The Day

Connecticu­t’s ‘red flag’ gun law praised, questioned

- By ANA RADELAT and KELAN LYONS

Co-workers were concerned after Justin Olden, a Stafford public works employee, told them there would be “a mass shooting” if he continued to be reassigned to jobs outside the municipal garage.

The co-workers were aware Olden owned guns and called the Stafford Police Department, which sought a risk warrant from a court to seize 18 rifles, shotguns and other weapons from his home.

State police were able to remove Olden's guns from his home because Connecticu­t enacted a law 20 years ago — the first in the nation — aimed at preventing people from hurting themselves or others.

Since that law was enacted in 1999, nearly 2,000 risk warrants have been issued.

But now there are questions of whether Connecticu­t's law is tough enough.

The popularity of risk warrants, also called extreme risk protective orders, or “red flag” laws has increased with the rise of mass shootings in the nation and are now at the center of a public debate in Washington on how to respond to the recent massacres in El Paso, Texas, and Dayton, Ohio, which together claimed 31 lives.

The number of states that adopted red flag laws surged after the Valentine's Day 2018 shooting in Parkland, Fla., that killed 17 students at Marjory Stoneman Douglas High School. Ten states adopted red flag laws after that massacre and there was an attempt, which failed, to pass a federal extreme risk protective order law.

Connecticu­t approved its red flag law after a disgruntle­d accountant with the Connecticu­t Lottery Corporatio­n used a 9mm Glock pistol and a knife to murder four co-workers before shooting himself in the head.

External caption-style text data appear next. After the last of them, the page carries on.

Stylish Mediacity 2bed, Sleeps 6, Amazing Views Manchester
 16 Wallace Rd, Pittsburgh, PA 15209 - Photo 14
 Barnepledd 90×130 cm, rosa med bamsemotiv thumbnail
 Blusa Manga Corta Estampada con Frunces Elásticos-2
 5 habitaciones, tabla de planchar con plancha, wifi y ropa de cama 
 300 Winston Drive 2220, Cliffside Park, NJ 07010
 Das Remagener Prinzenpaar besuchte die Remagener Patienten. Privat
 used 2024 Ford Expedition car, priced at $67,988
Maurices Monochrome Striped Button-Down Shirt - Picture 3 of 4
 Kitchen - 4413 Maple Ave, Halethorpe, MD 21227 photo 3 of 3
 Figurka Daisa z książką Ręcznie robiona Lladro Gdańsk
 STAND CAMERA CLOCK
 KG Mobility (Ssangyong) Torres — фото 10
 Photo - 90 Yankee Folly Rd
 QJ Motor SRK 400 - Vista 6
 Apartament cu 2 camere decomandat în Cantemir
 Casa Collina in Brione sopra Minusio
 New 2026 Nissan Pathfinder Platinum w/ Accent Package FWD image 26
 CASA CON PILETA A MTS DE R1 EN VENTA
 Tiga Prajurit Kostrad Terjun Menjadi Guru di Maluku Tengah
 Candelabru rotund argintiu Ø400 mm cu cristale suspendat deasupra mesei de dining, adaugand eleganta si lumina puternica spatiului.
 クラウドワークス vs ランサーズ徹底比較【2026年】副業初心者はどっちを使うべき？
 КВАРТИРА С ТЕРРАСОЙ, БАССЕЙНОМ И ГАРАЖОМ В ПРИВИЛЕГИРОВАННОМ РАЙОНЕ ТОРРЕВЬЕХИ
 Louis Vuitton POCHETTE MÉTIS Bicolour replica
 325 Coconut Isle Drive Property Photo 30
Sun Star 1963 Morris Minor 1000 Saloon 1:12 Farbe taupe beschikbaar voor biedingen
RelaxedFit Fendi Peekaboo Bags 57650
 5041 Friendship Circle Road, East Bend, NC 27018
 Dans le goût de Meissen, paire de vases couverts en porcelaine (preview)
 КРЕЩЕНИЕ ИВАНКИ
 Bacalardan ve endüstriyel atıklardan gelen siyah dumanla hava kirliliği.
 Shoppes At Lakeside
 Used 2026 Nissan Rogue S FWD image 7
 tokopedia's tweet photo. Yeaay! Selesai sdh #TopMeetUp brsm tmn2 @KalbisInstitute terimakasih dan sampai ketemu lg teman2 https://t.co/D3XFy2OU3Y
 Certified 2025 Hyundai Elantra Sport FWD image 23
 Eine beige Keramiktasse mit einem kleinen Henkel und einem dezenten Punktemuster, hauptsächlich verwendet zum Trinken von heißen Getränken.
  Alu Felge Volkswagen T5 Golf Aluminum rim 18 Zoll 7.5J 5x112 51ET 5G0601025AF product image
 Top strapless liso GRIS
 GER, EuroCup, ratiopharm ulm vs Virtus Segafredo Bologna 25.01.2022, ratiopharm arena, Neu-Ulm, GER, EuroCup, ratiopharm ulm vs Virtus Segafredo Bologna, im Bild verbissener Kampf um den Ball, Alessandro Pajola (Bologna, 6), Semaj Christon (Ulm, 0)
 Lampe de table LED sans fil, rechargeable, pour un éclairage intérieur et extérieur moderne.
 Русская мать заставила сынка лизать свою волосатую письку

The shooter, Matthew Beck, previously had attempted suicide and was being treated for depression.

“Connecticu­t's innovative statute establishe­d the legal practice of pre-emptive gun removal as a civil court action based on a risk warrant, a process that neither requires nor generates a record of criminal or mental health adjudicati­on as its predicate,” said a 2017 study of Connecticu­t's law by scholars at Duke, Yale, the University of Connecticu­t and the University of Virginia.

According to the risk warrant issued May 24 to confiscate Olden's guns, one co-worker thanked Olden at the end of the day for his help mowing the grass at the town's cemeteries in preparatio­n for Memorial Day. The co-worker said Olden replied “Yeah, if they keep moving me around, there will be a mass shooting.” Two other co-workers also spoke to police about what they characteri­zed as Olden's disturbing behavior that day. One said Olden had once told him he had caught a man sleeping with his wife and put a gun to that man's head.

According to Connecticu­t law, Olden had a right to a court hearing to request the return of his weapons within 14 days of their seizure. But the case was postponed until this week and continued by a Tolland County Superior Court judge, so no decision on whether to return his weapons will be made until at least Sept. 3. Neither Olden nor his attorney responded to requests for comment.

The Duke study concluded that Connecticu­t's law has prevented dozens of suicides and probably numerous homicides. The number of risk warrants issued has increased over time, especially since 2010, but state court officials could not say why.

But despite the successes of Connecticu­t's red flag law, the study of its risk warrant policy found “there are significan­t barriers to carrying out these gun removal actions at the policing level, which hampers broader implementa­tion of the statute,” and that an average of only 50 guns a year had been removed since the law was first enacted in 1999.